失冠した藤井は、自らの敗因をこう振り返っている。
「途中までこちらが攻めていく展開でしたが、後手5三銀(98手目)から後手5二銀(100手目)を気付いてなくて、そのあたりから徐々に苦しい感じにしてしまいました」
「その後の後手7六歩(104手目)から後手8六歩(106手目)からの反撃に、もうちょっといい対応があったのかなと思います。終盤でのミスが結果に出てしまった。やむをえない」
わずか1手で勝敗がひっくり返る接戦。

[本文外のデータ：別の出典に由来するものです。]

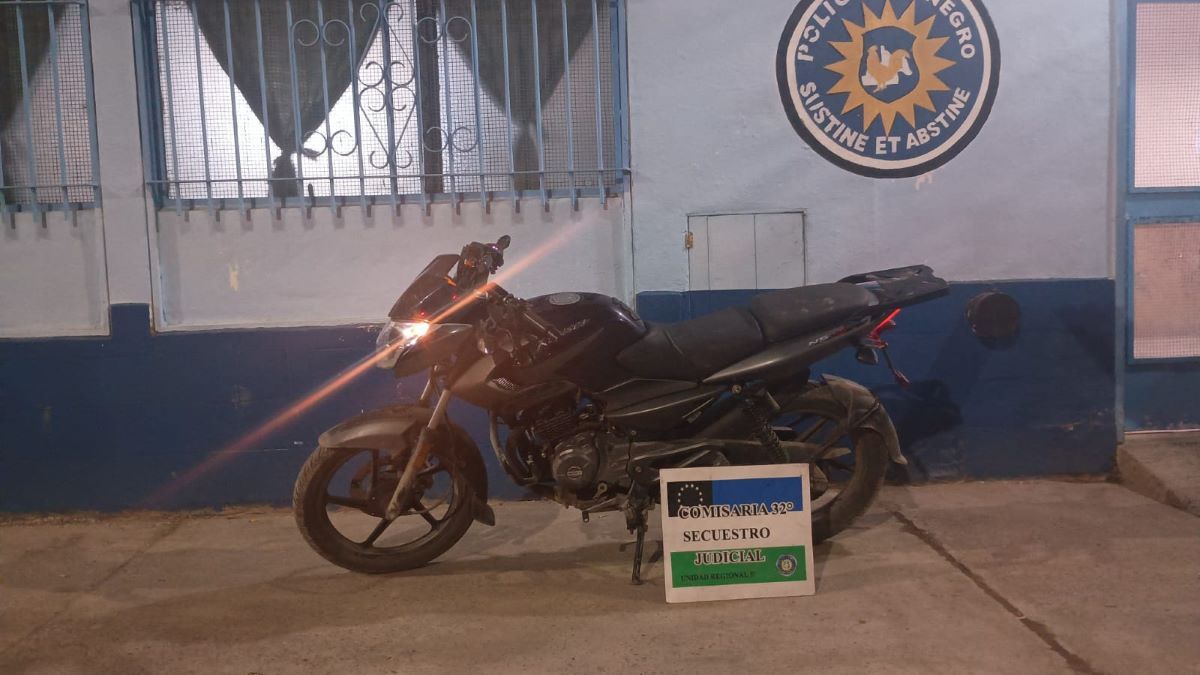 La moto recuperada por policías de la Comisaría 32. Había sido robada de una casa cercana al Parque Norte. Un menor fue detenido y hay un prófugo.&nbsp;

過去に全タイトル制覇(当時は七冠)した羽生善治・日本将棋連盟会長をもってしても、
「今回の五番勝負は、最先端の将棋の魅力が余すことなく表現されたシリーズだと感じました。今後も藤井竜王・名人としのぎを削る勝負を、末永く繰り広げられることを期待しています」
レジェンドをして「最先端の将棋」と言わしめた同い年の両者。互いに小学3年生だった当時、小学生の将棋全国大会の準決勝で、藤井を負かして泣かせた逸話を持つ伊藤叡王は昨夏、「野球断ち」を表明していた。伊藤叡王の父親で、IT分野の知的財産を専門とする伊藤雅浩弁護士が名古屋出身ということもあり、親子で中日ドラゴンズのファン。かつては家族でナイター中継を見ていたというが、
「最近はストレスがたまるので、中継は見ていません。結果だけはチェックしていますけどね」
藤井攻略のために、より時間を費やすようになった。伊藤弁護士も自身のSNSで、愛息が一緒に野球観戦してくれなくなったと明かしており、伊藤叡王が立浪中日のあまりの弱さにナイター観戦を見限ったのは、事実のようだ。それが結果的に、藤井攻略へとつながったのは、なんとも皮肉なことというか…。
対する藤井も愛知出身の縁で、史上最年少でタイトルを取った際には、当時の与田剛監督から、
「胴上げを(ナゴヤ球場まで)見に来てほしい」
と熱烈ラブコールを送られていたのだが…。
あまりに不甲斐ない2年連続最下位、そして今季もまた最下位争いのドラゴンズ。親会社の中日新聞社は現在、「新聞三社連合/特別協賛おーいお茶(伊藤園)」という形で「王位戦」を主催しているが、ここは伊藤叡王と藤井七冠に詫びを入れるため、叡王戦の協賛社になるほかないのでは。